Y desesperante también por la humilde soberbia de Castellani, al colocarse a sí mismo, de modo transparente, en el papel de héroe del relato, cosa chocante aunque quizá la hagamos todos los autores de novelas pero de modo menos obvio. Y desesperante, finalmente, por la dolorida insolencia con que pinta una iglesia demasiado parecida a la que conocemos y hemos de amar a pesar de los pesares.
Por una infidencia sé que el cardenal Quarracino, gran admirador de Castellani, le habría aconsejado no publicar este libro. Y yo me pregunto si Castellani se equivocó o acertó al no llevarle el apunte a Quarracino. Ya que se trata de una obra que no vacilo en calificar de extraordinaria, que ha de contarse entre las más destacadas de esta época, incluidas otras aparentemente más sesudas del propio autor. Pero cuya lectura no se me escapa que puede hacer mucho bien y mucho mal. Mucho bien al alertar lúcidamente sobre esa suerte de vaciamiento de las verdades al que asistimos y padecemos. Mucho mal porque podría inducir a aquella desesperación que he comentado, al deferir a la segunda venida de Cristo la solución de las calamidades que han hecho presa del mundo moderno.

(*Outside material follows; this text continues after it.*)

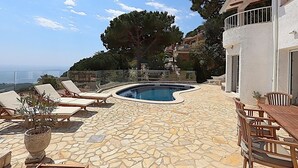 Un área de piscina con piso de piedra, sillas de descanso y una mesa de comedor.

Mucho mal porque los sarcasmos de Castellani llegan a alcanzar a la devoción a la Virgen de Luján y mucho bien porque sirve para recordar el componente dramático de nuestra Fe. Y para arrimar argumentos en favor de la virtud del patriotismo, tan alicaído hoy por hoy, hasta el punto de discutirse se trate efectivamente de una virtud. Tan mal estamos.
Mucho mal porque advertiremos similitudes manifiestas entre prelados conocidos y los monseñores Panchampla, Papávero y Fleurette que pinta Castellani. Y sucede que a los prelados, cuando no podemos admirarlos, hemos de sobrellevarlos con resignación, disimulando sus miserias como se disimula la mala conducta de miembros de nuestras familias. Y mucho bien porque Castellani deja a salvo la necesaria sumisión al Papa verdadero, aunque en el argumento aparezca también otro, usurpador de su solio.
Una gran pregunta queda flotando cuando terminamos el libro. ¿Realmente será la resistencia desesperada el único camino que quede abierto para intentar revertir el orden de cosas perverso que describe Castellani, tan parecido al que impera en el mundo actual? ¿Se llegará al punto en que los auténticos católicos, abandonados incluso por sus pastores, deban volver a las catacumbas y eventualmente tomar las armas para no ser borrados de la faz de la tierra? ¿ O, por el contrario, una difusión paciente de la buena doctrina, ejercitada a la par del cumplimiento de los deberes cotidianos, mancomunada con la acción de la Providencia y el buen sentido que aún alienta en el fondo de muchos corazones, permitirá recobrar el terreno perdido?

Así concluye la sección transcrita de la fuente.